Section: Feature Film Competition

Minsk

Minsk

Boris Guts
EE, 2022, 78 Min

Julia and Pasha, a young couple, a small apartment in a condominium. Whilst inside these lovers toy with one another, outside the police sirens wail. The Belarusian militsiya suppress the protests against Lukashenko, Julia and Pasha also fall into their clutches. Instead of Siri, it’s violent policemen who set the tone in this enraged one-take political thriller about a night in Minsk.

East European cinema that, though it foregoes nuance, retains an authentic voice. Mass protests broke out in Belarus after the presidential elections in August 2020 amid arrests of opposition candidates and reports of numerous electoral manipulations. Over 30,000 people were arrested, 450 cases of torture and ill-treatment were documented, and eight people lost their lives. The scenes presented in MINSK are based on the testimonies of witnesses. Independent director Boris Guts, who grew up in Omsk, Russia, filmed the odyssey of his middle-class couple – he is an architect, she a student – ​​without a single cut, in turn lending this political thriller enormous momentum: the escape from the police, arrest, arbitrariness, renewed escape and helplessness. Adrenaline-fuelled filmmaking very much in the tradition of socially-committed auteur cinema. Needless to say, the director was not allowed to shoot in Belarus and the film is banned in both Belarus and Russia, and not only because of the Putin-Lukashenko joke at the beginning.

Text: Bernd Buder

English: Peter Rickerby

The director about his film: "Like many other people, on the 10th and 11th of August last year I followed, literally online, all of the horrors that were happening in Minsk and other Belarusian cities, and couldn't help but feel moved and horrified. As such, it was already clear to me back then that this had to be filmed, this horror has to be captured on film, and without any editing; absolutely not, since the audience needs to see it all non-stop, for an hour and a half. The viewer has to become a participant of these events. We cannot sit on our comfortable sofas, in our cosy cafes in Moscow or somewhere else far away in provincial Russia, watch everything on our Telegram channels, say 'ooh' and 'aah' and do nothing. (...) Instead of an unblemished, smoothed out film fantasy, I wanted to show a reality in which a totalitarian police state can destroy a person's life in just an hour and a half, before your very eyes, whilst you’re still watching the film".

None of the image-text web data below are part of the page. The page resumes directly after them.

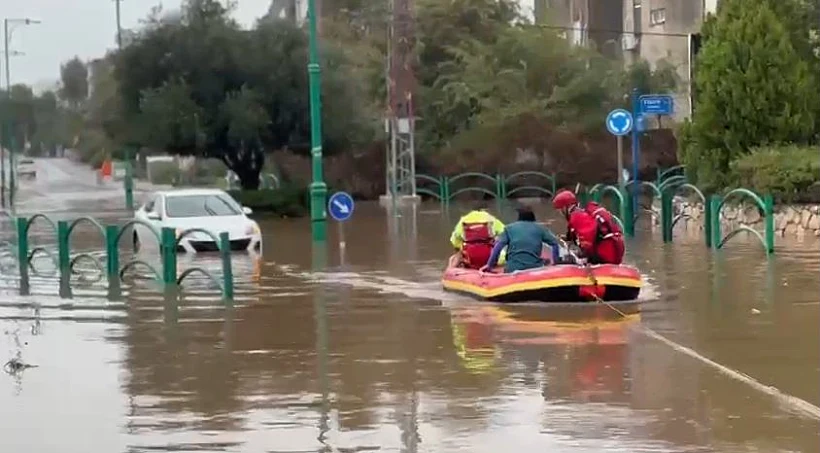 הצפות בחדרה: חילוץ אישה באמצעות סירת גומי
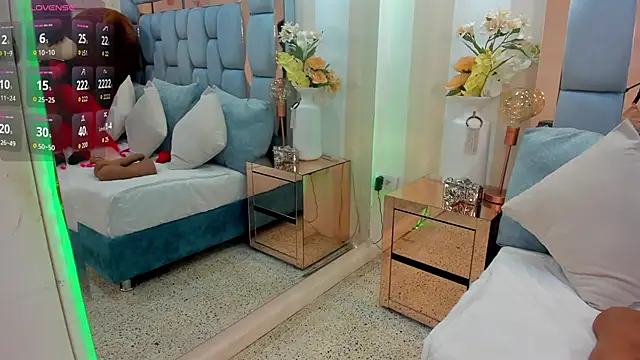 Snapshot of karina_mason chatting on October 24, 2025, 12:34 pm karina mason online show from October 24, 2025, 12:34 pm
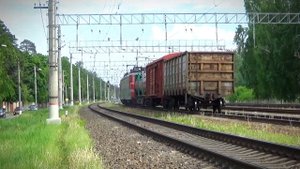 Отправление ВЛ11-072 с тремя грузовыми вагонами.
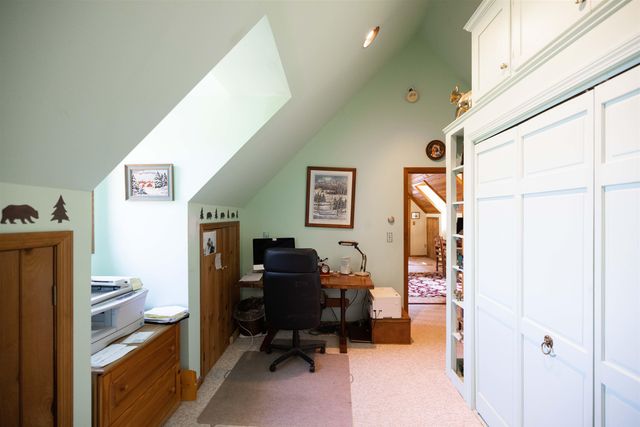 1189 Cole Pond Road, Jamaica, VT 05343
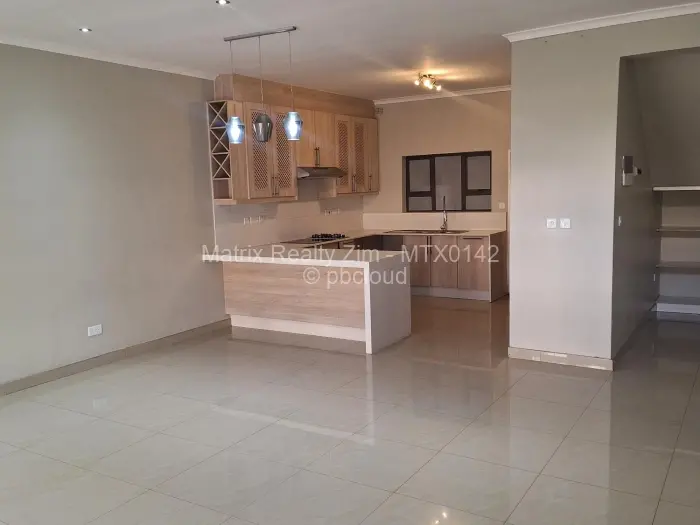 Townhouse/Complex/Cluster to Rent in Greencroft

Stadthalle: Original version with English subtitles + German simultaneous translation.

Weltspiegel Saal 2: Original version with English subtitles

Drehbuch
Boris Guts
Kamera
Daria Likhacheva
Ton
Antti Mass
Ausstattung
Johannes Valdma
Darsteller
Anastasia Shemyakina (Julia)
Aleksey Maslodudov (Pavel)
Produzent
KATERINA MONASTYRSKAYA, VITALI SHKLIAROV, BORIS GUTS, ANASTASIA GUSENTSOVA, ANDRES PUUSTUSMAA
Produktion
Leo Films
Boris Guts

Boris Guts - Boris Guts was born on November 7, 1980 in Russia. He is a producer and director, known for Smert nam k litsu (2019), Fagot (2018) and Arbuznye korki (2016).